Quelli organizzati da privati funzionano in modo simile ma, se possibile, ancora più sfigato. Abitualmente sono indetti da piccoli editori musicali, da mobilieri d’assalto che, esaurita l’offerta “tutto al 50%” sperano così di allargare il proprio giro, o da oscure associazioni culturali con nomi da parrocchia tipo “un canto per il sole 2000”. Abitualmente c’è di mezzo una radio, la più improbabile della zona e comunque una che non trasmetterebbe mai non dico i gruppi in concorso, ma nemmeno le band a cui si ispirano. Il privato di solito ha una giuria lievemente più di profilo, ma del profilo sbagliato: ex star sul viale del tramonto o vippame tv di quinta categoria – gente a cui della musica non interessa, che è li per tutte altre ragioni. La seratona finale, sempre a pagamento, è totalmente incartata dallo sponsor e le band sono evidentemente l’ultima preoccupazione degli organizzatori. Ho visto coi miei occhi un premio consegnato alla band direttamente dal proprietario dell’azienda che, dopo avergli fatto brevemente ringraziare gli organizzatori (cioè lui stesso), li ha lungamente intrattenuti sulle qualità del suo prodotto.

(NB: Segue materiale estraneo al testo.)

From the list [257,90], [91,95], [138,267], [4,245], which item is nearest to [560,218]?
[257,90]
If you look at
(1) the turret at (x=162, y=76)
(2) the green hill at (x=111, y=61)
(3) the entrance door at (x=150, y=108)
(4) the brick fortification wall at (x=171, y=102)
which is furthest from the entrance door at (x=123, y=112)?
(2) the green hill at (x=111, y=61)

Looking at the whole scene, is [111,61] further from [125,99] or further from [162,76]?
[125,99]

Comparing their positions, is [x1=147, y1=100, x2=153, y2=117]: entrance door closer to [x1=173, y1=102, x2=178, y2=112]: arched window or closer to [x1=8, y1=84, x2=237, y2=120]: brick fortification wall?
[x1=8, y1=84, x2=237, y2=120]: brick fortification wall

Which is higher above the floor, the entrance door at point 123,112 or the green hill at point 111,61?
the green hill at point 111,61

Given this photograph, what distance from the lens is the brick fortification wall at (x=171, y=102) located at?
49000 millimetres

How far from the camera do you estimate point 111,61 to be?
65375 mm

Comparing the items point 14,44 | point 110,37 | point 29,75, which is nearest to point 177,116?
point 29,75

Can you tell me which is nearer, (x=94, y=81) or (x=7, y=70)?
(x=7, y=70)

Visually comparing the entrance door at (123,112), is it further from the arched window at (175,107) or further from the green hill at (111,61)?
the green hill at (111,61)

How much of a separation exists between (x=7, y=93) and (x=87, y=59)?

Una cosa hanno in comune tutti i concorsi per giovani musicisti, una che chiarisce esattamente quanto valga parteciparci: il premio. E invariabilmente, quando vai a leggere, scopri che non si vince mai una mazza. Il miglior premio resta “la registrazione e pubblicazione di un CD”, anche se poi sappiamo che non verrà distribuito né pubblicizzato e che quindi non contribuirà al percorso professionale del gruppo. Tra i premi più esilaranti di cui ho sentito ultimamente c’è il sempreverde “La possibilità di esibirsi di fronte a un audience di addetti ai lavori, manager e discografici” (che non solo non serve a nulla, ma che costituisce certamente il peggior pubblico immaginabile) e l’incredibile “Il vincitore vedrà pubblicate quattro sue canzoni su internet, con fotografia e bio-storia dell’artista”. Cioè praticamente vinci un myspace, che è gratis, ma senza il networking. Insomma, a me i concorsi musicali mi sembrano un pacco, ma nel dubbio guardate cosa si vince e, se non sono soldi liquidi o partite di prosciutto, pensateci due volte.